Способы рассматривать окружающие нас артефакты и взаимодействовать с ними стали центральным предметом размышлений антропологов, историков и искусствоведов в рамках того, что принято называть visual studies. Изучать иконоборчество – значит прежде всего понять, как, сталкиваясь с подозрительными изображениями, люди стремятся сделать их невидимыми или насильственно нейтрализовать. Для этого следует отнестись серьезно к социальной магии, которая окружает в определенных ситуациях определенные предметы и изображения. Люди XIX века были к этому в высшей степени чувствительны. Бодлер, разочарованный свидетель и участник революции 1848 года, обнажил с помощью горького сравнения магическую связь народа-иконоборца со знаками власти. В очерке 1853 года он приравнивает «метафизические» действия ребенка, который терзает свою игрушку, чтобы обнаружить ее душу, с разрушениями, которые произвели повстанцы в феврале 1848 года во дворце Тюильри: «Ребенок вертит свою игрушку так и этак, царапает, трясет, бьет ею об стены, бросает оземь. <…> И чудесная жизнь останавливается. Ребенок, как народ, осадивший Тюильри, делает последнее усилие; наконец он вскрывает игрушку – ведь он сильнее. Но где же душа? Вот тут начинается ошеломление и уныние»11. Иначе говоря, политическое иконоборчество – это опыт рукопашной схватки с властью, ритуал осквернения, разоблачения магии знаков. Ритуал разом и славный, и горький, поскольку он ведет в пустоту и возвращает повстанцев в детство – по крайней мере в глазах Бодлера, разочарованного событиями 1848 года.

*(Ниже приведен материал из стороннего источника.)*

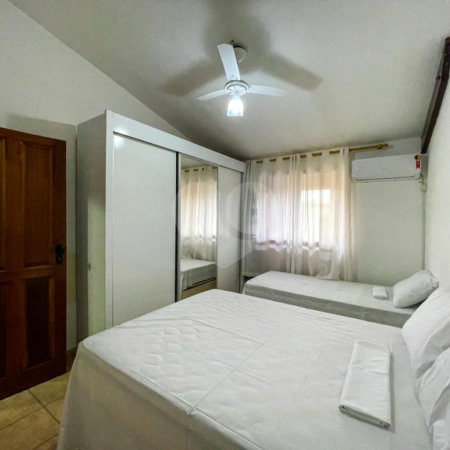 Apartamento à venda com 1 quarto em Taperapuan, Porto Seguro, BA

Этот вопрос о социальной магии знаков, об их мощи и власти уже несколько десятилетий занимает ученых, действующих в рамках visual studies. Так, историк искусства Дэвид Фридберг задался целью показать, что некоторые изображения «в самом деле обладают свойствами и мощью, позволяющими им выходить за пределы повседневного быта»12. Вотивные изображения, эротические изображения, изображения, позорящие изображенных людей, – все они, какова бы ни была их эстетическая ценность, способны вызывать мощные эмоциональные реакции и создавать иллюзию реального присутствия изображенного объекта. По поводу уничтожения портрета филиппинского диктатора Маркоса в 1986 году Фридберг замечает: «Народ, ненавидевший его, проникся такой же ненавистью к его портрету, как если бы этот портрет и был сам Маркос; точно так же это происходило и с византийскими императорами начиная с эпохи Юстиниана и даже раньше»13. «Власть изображения» коренится, по всей вероятности, именно в этом «как если бы», историческое измерение которого до сих пор не становилось предметом исследования.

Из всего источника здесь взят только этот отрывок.